Aga Khan Foundation
- Formation: 1967
- Founder: Aga Khan IV
- Type: Non-governmental organization
- Focus: International Development
- Headquarters: Geneva, Switzerland
- Affiliations: Aga Khan Development Network
- Website: AKF

= Aga Khan Foundation =

Private international development agency

The Aga Khan Foundation (AKF) is a private, not-for-profit international development agency, which was founded in 1967 by Shah Karim Al Hussaini, Aga Khan IV, the 49th Hereditary Imam of the Shia Ismaili Muslims. AKF seeks to provide long-term solutions to problems of poverty, hunger, illiteracy and ill health in the poorest parts of South and Central Asia, Eastern and Western Africa, and the Middle East. In these regions, the needs of rural communities in mountainous, coastal and resource poor areas are given particular attention. The Foundation's activities often reinforce the work of other sister agencies within the Aga Khan Development Network (AKDN).

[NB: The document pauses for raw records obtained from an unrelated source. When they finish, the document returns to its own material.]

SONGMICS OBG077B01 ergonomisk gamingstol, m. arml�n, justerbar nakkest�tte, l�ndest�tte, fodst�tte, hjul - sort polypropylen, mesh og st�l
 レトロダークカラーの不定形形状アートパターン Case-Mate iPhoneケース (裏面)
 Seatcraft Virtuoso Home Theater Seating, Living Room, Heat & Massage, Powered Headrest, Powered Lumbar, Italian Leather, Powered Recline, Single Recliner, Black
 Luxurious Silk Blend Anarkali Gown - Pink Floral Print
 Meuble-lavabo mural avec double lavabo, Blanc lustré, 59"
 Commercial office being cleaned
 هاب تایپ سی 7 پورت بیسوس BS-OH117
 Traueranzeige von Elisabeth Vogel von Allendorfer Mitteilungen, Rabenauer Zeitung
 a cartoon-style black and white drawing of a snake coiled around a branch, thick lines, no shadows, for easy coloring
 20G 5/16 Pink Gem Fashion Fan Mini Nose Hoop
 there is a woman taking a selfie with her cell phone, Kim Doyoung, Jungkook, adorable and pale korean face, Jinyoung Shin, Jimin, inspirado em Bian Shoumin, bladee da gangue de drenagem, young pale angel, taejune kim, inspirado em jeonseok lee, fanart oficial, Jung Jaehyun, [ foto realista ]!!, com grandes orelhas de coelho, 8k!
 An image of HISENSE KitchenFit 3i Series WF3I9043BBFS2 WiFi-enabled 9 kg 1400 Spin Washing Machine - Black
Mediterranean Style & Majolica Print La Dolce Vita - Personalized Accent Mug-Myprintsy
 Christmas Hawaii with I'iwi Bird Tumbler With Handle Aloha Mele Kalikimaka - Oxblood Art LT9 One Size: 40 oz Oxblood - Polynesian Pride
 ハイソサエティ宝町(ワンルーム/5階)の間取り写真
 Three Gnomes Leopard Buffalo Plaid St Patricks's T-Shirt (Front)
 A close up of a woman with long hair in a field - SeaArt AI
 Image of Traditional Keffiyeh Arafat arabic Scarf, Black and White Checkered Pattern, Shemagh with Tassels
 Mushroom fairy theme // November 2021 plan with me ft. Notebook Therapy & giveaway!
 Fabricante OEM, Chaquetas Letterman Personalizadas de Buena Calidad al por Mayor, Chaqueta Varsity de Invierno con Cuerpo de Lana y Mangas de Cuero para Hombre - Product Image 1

While these agencies are guided by different mandates pertaining to their respective fields of expertise (the environment, culture, microfinance, health, education, architecture, rural development), their activities are often coordinated with one another in order to "multiply" the overall effect that the Network has in any given place or community. AKF also collaborates with local, national and international partners in order to bring about sustainable improvements of life in the 14 countries in which it implements programmes. The Foundation's head office is located in Geneva, Switzerland.

==Areas of focus==
The Foundation has seven areas of focus that include: early childhood development, education, health and nutrition, agriculture and food security, civil society, work and enterprise, and climate resilience. Seeking innovative approaches to complex problems, it tries to identify solutions that can be adapted to conditions in many different regions and replicated.

Cross-cutting issues that are also addressed by the Foundation include human resource development, community participation, and gender and development.

==Funding==
The Aga Khan provides the Foundation with regular funding for administration as well as making contributions to its endowment. Grants from government, institutional and private sector partners including from the United Nations, Global Affairs Canada, USAID, the UK's FCDO, the German Federal Foreign Office, Agence Française de Développement and others represent substantial sources of funding. The Ismaili community also contributes financial resources as well as volunteers, time, and professional services.

==Awards and recognition==
Among other recognition for its work, the Foundation received the 2005 Award for Most Innovative Development Project from the Global Development Network for the Aga Khan Rural Support Programme (AKRSP). The AKRSP has successfully been replicated to form the Rural Support Programmes Network in Pakistan.

==Geographic focus==
The Aga Khan Foundation has a presence in 17 countries globally, implementing programmes in 14 of those including in: Eastern Africa (Kenya, Madagascar, Mozambique, Tanzania and Uganda); Central & South Asia (Afghanistan, India, Kyrgyz Republic, Pakistan and Tajikistan); the Middle East (Egypt and Syria); and Europe (Portugal). The Foundation has fundraising and technical support offices in Canada, Switzerland, the United Kingdom and the United States.

===Canada===
The Aga Khan Foundation Canada was established in 1980 and has developed partnerships with Canadian institutions to support the global work of the Aga Khan Foundation. In 2026, the Foundation acquired land in Laval, Quebec, for the construction of the Laval Jamatkhana, an Ismaili Muslim community centre scheduled to open in 2028. The approximately 42,000-square-foot facility, valued at $21.5 million and funded through philanthropic donations, is set to include prayer, cultural and community spaces. The project received the support of the Mayor of Laval and Canada’s Minister of National Revenue.